But Hesser’s approach to cooking has shifted towards the familiar in recent years after noticing the downside to always pushing the boundaries:
Meanwhile, I continued to roam and experiment, rarely making the same dish twice. I enjoy the hunt for a new great recipe, the push for something better. But it comes at a cost; cooking new things is more stressful because the unknowns are many. Tad would chat with the kids while making his pasta; I would cook distracted, with my nose in a recipe. Even after focused cooking, things don’t always work out well, and no one around the table is happy. And it’s hard to expect anyone to build an emotional connection to a dish if they’re only seeing it a few times.
I am really feeling that tension between novelty and stability lately, and not just when it comes to food. Sometimes I feel like I’m two different people. The Explorer craves new experiences, finds routine boring, and wants to learn new things or he’ll feel brain-dead. The Hermit needs the stability of a comfortable routine, finds exploring exhausting, and doesn’t want to have to think about what’s next all the time.

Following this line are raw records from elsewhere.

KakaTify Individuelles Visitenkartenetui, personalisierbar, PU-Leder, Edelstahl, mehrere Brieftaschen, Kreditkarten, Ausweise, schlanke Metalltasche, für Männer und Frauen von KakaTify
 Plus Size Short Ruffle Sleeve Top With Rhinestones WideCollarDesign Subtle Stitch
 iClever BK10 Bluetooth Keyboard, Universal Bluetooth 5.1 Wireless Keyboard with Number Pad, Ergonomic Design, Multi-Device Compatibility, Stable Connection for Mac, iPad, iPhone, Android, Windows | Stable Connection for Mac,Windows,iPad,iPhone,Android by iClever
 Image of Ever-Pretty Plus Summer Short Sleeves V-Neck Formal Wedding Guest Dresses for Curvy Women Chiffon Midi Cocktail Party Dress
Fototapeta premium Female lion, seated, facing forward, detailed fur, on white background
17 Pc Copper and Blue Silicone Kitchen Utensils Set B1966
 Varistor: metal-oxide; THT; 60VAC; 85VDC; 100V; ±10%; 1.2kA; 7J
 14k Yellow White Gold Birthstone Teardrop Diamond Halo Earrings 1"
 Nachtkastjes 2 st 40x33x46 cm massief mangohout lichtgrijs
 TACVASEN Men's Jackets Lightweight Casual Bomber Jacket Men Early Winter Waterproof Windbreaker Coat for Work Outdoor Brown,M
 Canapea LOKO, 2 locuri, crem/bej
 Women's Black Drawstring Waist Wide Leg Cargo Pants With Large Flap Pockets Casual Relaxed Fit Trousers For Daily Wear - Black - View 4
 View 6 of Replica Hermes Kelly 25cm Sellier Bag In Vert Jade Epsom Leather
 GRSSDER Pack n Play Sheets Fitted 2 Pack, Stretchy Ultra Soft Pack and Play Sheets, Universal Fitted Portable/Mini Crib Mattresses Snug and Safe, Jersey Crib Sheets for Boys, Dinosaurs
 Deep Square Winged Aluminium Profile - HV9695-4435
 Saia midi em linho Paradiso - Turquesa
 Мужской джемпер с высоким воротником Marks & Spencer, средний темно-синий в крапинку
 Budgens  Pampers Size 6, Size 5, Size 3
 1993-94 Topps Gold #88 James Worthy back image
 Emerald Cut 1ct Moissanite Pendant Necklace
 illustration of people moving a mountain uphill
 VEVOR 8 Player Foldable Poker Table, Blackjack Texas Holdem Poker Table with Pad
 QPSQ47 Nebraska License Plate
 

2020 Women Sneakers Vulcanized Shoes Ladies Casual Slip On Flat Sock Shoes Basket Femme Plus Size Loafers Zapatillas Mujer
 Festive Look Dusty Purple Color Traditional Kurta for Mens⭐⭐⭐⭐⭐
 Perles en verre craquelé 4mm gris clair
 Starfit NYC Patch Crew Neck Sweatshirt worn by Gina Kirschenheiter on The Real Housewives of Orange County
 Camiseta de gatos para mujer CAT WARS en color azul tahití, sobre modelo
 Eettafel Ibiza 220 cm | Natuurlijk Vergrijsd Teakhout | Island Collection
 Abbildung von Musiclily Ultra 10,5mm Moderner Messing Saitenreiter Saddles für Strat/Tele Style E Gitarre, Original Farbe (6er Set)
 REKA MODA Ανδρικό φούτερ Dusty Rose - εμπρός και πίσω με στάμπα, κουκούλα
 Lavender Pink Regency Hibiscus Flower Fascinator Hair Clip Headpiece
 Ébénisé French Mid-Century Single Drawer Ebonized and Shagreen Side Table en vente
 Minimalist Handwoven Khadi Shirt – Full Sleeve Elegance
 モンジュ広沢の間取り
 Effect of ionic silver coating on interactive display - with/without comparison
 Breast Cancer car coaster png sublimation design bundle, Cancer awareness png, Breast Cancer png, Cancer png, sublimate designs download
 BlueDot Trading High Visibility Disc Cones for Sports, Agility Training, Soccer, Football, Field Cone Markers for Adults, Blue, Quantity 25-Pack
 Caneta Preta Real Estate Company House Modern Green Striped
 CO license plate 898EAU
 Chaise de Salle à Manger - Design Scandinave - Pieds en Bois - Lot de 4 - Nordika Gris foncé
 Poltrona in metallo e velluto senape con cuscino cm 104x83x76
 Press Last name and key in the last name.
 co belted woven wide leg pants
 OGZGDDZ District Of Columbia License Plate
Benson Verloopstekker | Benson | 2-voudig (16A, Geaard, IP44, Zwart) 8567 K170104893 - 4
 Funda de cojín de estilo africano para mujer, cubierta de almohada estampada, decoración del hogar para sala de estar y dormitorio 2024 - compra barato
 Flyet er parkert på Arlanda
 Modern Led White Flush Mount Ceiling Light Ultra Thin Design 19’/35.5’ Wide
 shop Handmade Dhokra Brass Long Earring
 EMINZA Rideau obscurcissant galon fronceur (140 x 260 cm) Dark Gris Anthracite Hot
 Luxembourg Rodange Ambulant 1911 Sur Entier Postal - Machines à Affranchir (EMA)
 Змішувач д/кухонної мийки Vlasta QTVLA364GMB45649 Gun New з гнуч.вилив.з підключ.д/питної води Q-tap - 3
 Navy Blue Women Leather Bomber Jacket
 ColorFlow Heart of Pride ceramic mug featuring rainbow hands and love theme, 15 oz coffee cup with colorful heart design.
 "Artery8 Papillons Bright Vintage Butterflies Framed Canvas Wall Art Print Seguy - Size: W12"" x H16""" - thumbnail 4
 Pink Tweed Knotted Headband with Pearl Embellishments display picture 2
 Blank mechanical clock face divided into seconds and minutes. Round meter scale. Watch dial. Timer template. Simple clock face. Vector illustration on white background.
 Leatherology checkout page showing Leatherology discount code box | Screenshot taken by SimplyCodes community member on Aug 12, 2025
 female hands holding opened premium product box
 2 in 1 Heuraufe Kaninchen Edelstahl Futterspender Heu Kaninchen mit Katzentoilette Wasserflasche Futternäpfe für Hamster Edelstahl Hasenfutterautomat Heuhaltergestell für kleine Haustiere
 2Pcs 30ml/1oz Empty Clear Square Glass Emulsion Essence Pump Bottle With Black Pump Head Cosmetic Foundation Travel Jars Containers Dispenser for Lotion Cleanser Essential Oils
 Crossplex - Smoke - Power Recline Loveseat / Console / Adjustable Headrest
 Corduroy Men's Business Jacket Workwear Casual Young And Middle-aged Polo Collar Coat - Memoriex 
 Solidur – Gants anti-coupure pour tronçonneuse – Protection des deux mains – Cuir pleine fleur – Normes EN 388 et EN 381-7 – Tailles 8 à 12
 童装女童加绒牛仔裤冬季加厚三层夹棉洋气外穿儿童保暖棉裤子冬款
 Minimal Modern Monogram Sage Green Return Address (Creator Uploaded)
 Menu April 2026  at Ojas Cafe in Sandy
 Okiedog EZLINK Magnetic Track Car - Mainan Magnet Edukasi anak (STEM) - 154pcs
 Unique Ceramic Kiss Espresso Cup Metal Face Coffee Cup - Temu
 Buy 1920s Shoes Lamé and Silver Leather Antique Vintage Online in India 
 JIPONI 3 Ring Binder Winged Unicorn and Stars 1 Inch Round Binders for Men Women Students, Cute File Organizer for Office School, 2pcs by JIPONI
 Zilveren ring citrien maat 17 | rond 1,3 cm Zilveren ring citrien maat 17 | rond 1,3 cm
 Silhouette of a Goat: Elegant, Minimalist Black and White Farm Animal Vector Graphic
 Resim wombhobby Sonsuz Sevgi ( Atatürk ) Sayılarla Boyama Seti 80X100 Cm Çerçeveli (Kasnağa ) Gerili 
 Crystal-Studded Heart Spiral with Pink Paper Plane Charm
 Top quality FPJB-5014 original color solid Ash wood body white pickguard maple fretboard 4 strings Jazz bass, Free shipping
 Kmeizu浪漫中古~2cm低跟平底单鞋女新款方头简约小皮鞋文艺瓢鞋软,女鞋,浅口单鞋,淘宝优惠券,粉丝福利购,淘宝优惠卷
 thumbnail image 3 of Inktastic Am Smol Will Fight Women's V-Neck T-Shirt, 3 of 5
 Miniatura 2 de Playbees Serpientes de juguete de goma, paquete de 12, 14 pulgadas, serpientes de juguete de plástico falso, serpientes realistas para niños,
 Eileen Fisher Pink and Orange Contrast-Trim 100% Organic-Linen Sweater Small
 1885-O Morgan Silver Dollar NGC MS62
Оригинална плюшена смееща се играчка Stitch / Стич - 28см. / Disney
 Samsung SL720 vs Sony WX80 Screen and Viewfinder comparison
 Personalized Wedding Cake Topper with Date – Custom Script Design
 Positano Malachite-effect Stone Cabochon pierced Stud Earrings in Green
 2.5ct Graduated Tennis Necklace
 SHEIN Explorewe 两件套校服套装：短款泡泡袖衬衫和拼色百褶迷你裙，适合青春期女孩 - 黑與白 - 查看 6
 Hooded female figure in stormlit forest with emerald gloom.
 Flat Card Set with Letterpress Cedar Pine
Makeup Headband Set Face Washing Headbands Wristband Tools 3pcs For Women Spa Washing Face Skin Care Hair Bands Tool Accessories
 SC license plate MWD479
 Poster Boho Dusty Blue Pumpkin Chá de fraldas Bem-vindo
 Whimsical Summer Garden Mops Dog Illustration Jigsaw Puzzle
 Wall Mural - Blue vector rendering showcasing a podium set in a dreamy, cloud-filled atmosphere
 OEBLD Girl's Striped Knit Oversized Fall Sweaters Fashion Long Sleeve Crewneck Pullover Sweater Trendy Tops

Like Jason Kottke, I tend toward a few favourite recipes, not straying too far from the unknown. But I don’t really follow a recipe for these well-known dishes (or for most of my cooking)—instead, I follow a familiar outline, varying the contents based on what I have at hand that day. In this way, the ordinary (the land of Kottke’s Hermit) offers space for experimentation (the land of Kottke’s Explorer). This structure extends beyond my kitchen: whether well-worn walking paths, favourite music, or heavily annotated books, I tend to seek depth in the familiar.